→ Data
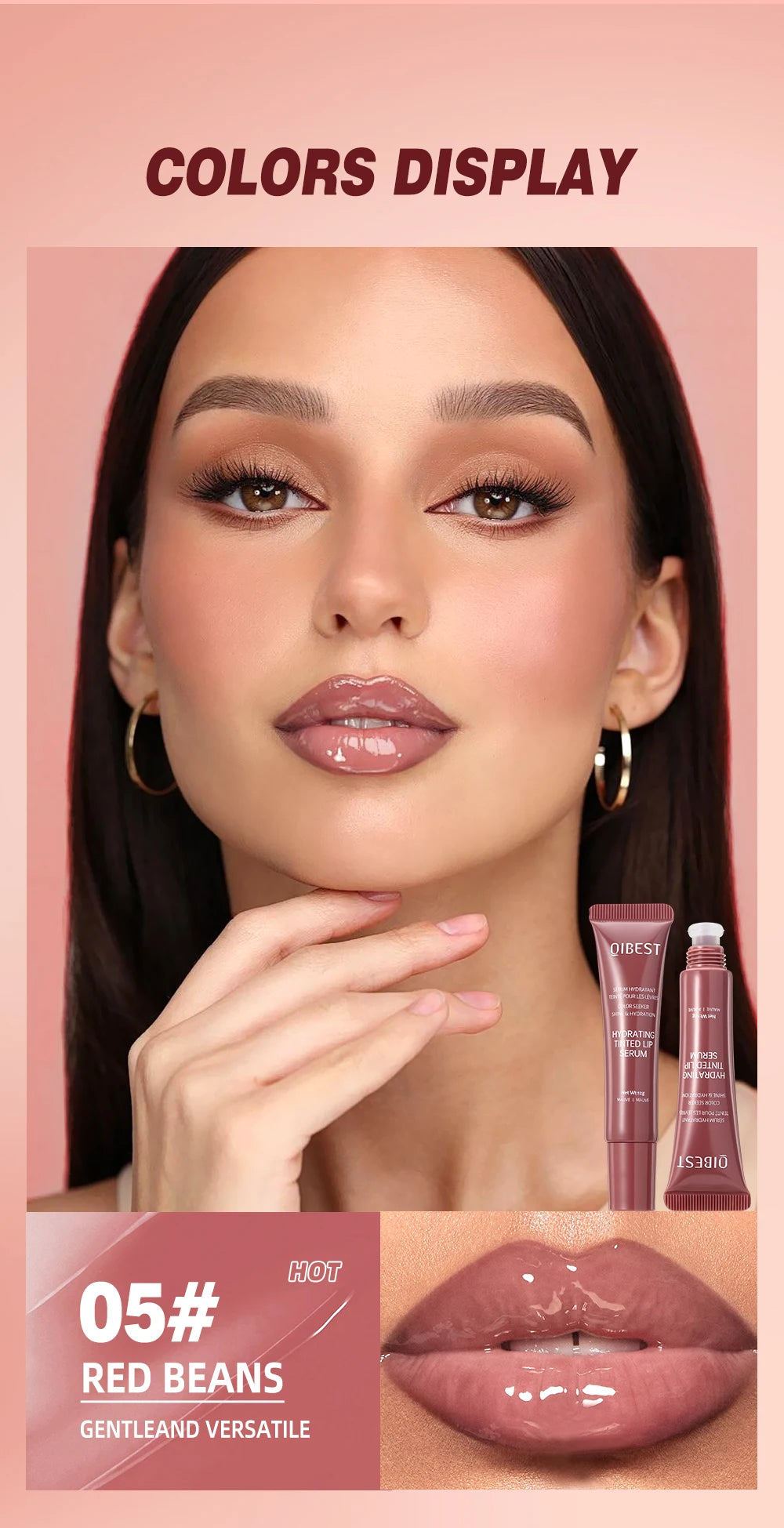 Brillant à lèvres repulpant marron nu, hydratant, sérum coloré, teinte transparente, Tube souple, maquillage, beauté, soins pour les lèvres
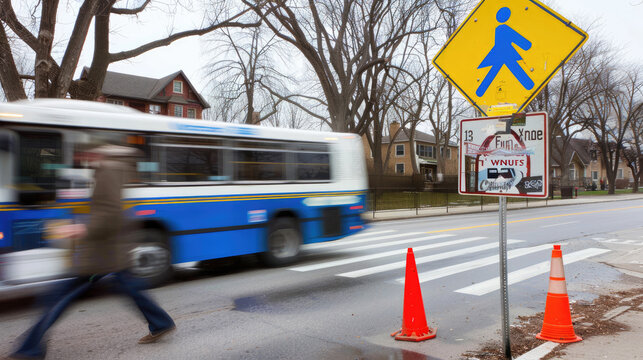 Pedestrian and blurred bus passing by a school crossing sign with orange traffic cones on a cloudy day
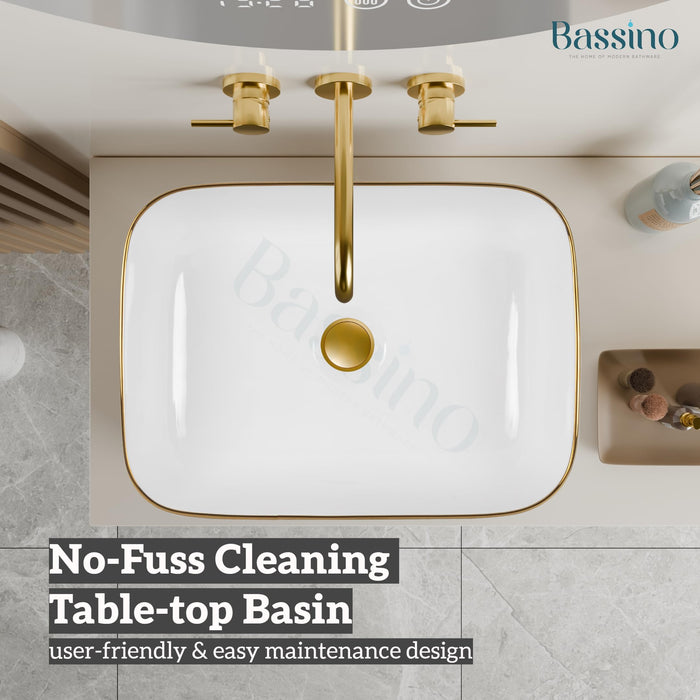 White and gold Table top Wash Basin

→ Aim of the exercise
Repeat the data exactly in full, omitting its pictures.

→ Result
 Brillant à lèvres repulpant marron nu, hydratant, sérum coloré, teinte transparente, Tube souple, maquillage, beauté, soins pour les lèvres
 Pedestrian and blurred bus passing by a school crossing sign with orange traffic cones on a cloudy day
 White and gold Table top Wash Basin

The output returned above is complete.